(Exercise prompt): Below are some records. Write out the line that contains "The next subject" and all lines after it, exactly, but not the pictures.
-- Supplied information follows --
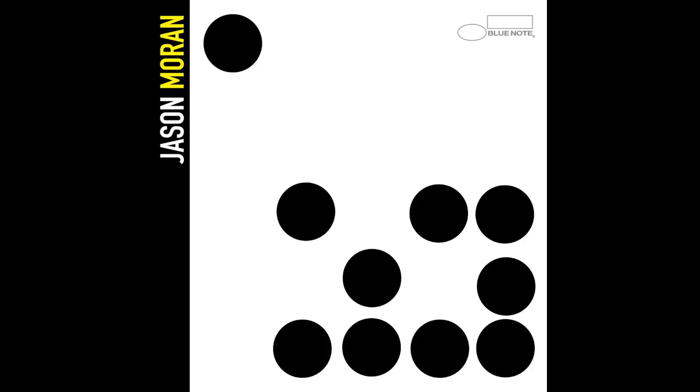My last record that I put out was called Ten. I have a friend, an artist named Adam Pendleton, and I asked him to design the cover. He said, what about just having ten dots, like classic Blue Note? When I presented the idea, I said we're just going to go with ten dots on the cover and the Blue Note logo. He said, where's your name going to go? I said, my name is not on it. Where's the album title going to go? No album title. Just the ten dots and the Blue Note logo. So that was like my tribute.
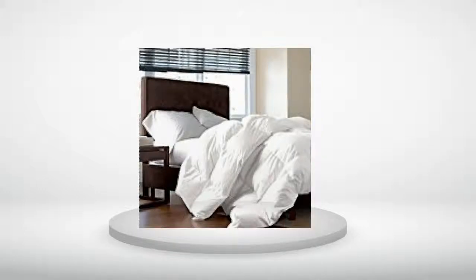5.0 out of 5 stars. Nice and warm, but it sheds feathers like crazy. I have to sweep the floor in my bedroom every couple of days because of it, and when I take the cover off to wash it, it's like it's snowing in my condo. I'm replacing it with something else.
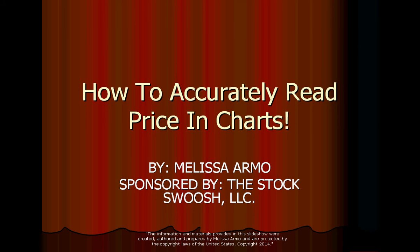Good evening everyone, and welcome! Welcome to thestockswoosh.com. My name is Melissa Armell, and I'm doing an upcoming webinar this coming Monday, March 31st.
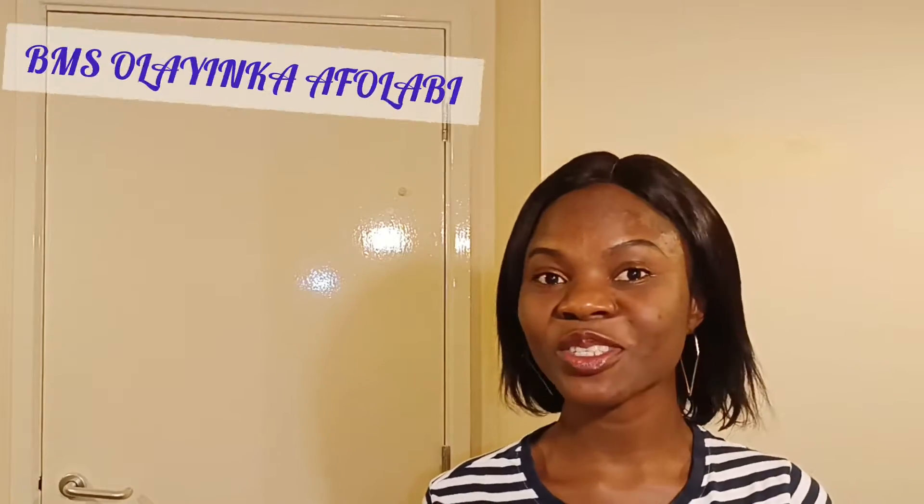Hello guys, welcome back to my channel. It's your favorite girl online - California in the building! If you are new to my channel, I'm a biomedical scientist based in the United Kingdom, originally from Nigeria. I share about how you can relocate to the United Kingdom as a biomedical scientist or medical laboratory scientist, and I also talk about what my day looks like as a biomedical scientist here in the UK.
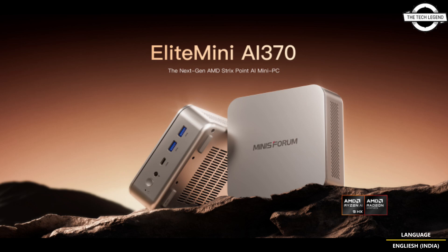The Elite Mini AI370 is not just about raw power — it's also beautifully designed. Crafted from premium durable plastic, its compact form factor is perfect for any environment. Its exclusive design details and aesthetics ensure it stands out, and it's equipped with AMD Radeon 890M integrated graphics.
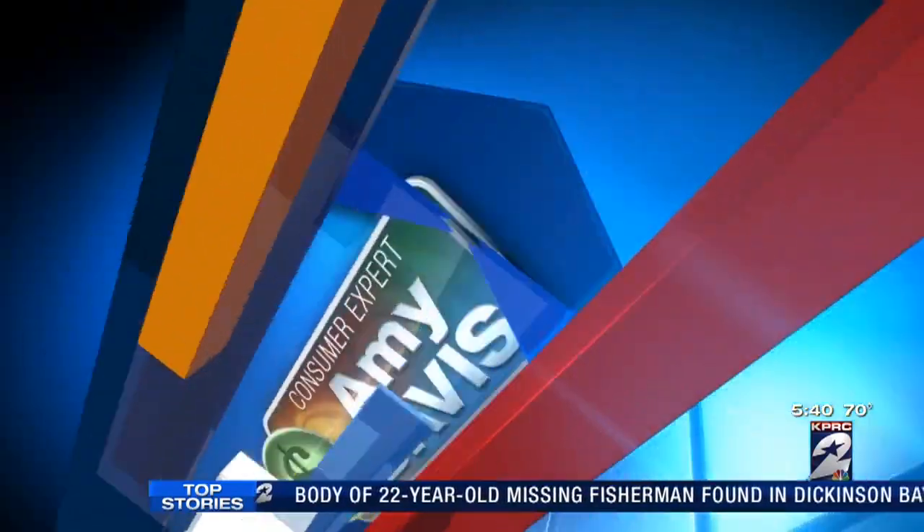If you've ever had a shower drain clogged to the point that you might as well be taking a bath, you might be interested in the product we're testing today. It's called the Drain Weasel, and consumer expert Amy Davis is here to put it to the test for her As Seen on TV Tuesday report.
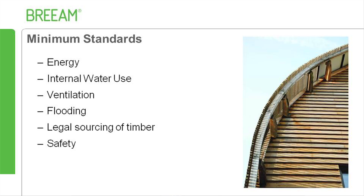Minimum standards also cover ventilation, to reduce risk from overheating and condensation; flooding, which ensures that BREAM Excellent or Outstanding rated properties in a high flood risk zone are provided with flood resilience or resistance measures; legal sourcing of timber, to help address the fact that nearly 10% of timber in the UK is illegally sourced; and finally, safety for the provision of CO, fire and smoke detection devices, to reduce risk from fire and carbon monoxide related deaths.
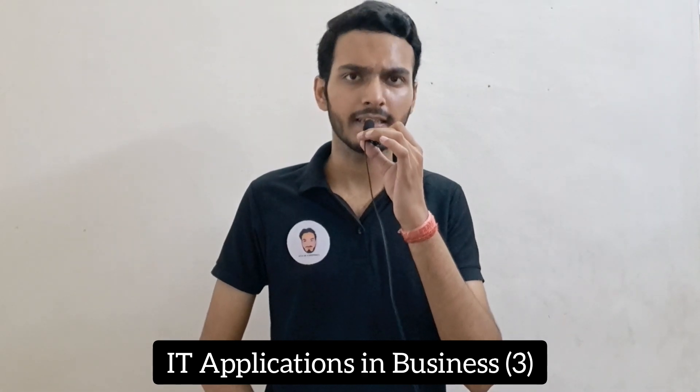The next subject is IT Applications in Business. This subject is 3 credits, while the rest are 4 credits each. Basically, this is a computer subject — you will study basics like Microsoft Excel, Word, and PowerPoint. It is easy to study. There is also an IT Lab subject, which is a separate lab credit.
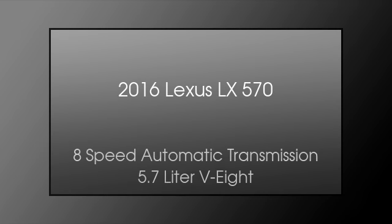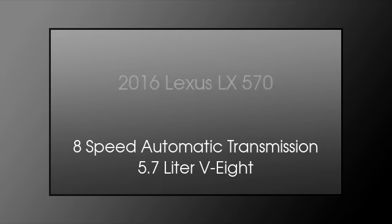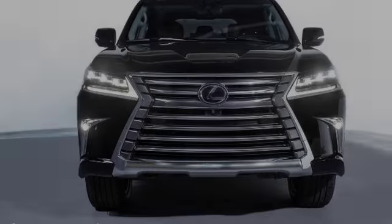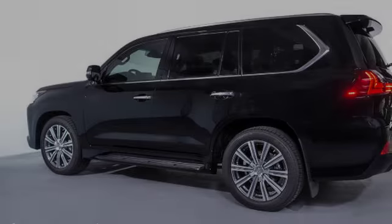This is a 2016 Lexus LX 570. This SUV has an 8-speed automatic transmission and a 5.7-liter V8.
-- Supplied information concluded --
(Result of the task):
The next subject is IT Applications in Business. This subject is 3 credits, while the rest are 4 credits each. Basically, this is a computer subject — you will study basics like Microsoft Excel, Word, and PowerPoint. It is easy to study. There is also an IT Lab subject, which is a separate lab credit.
This is a 2016 Lexus LX 570. This SUV has an 8-speed automatic transmission and a 5.7-liter V8.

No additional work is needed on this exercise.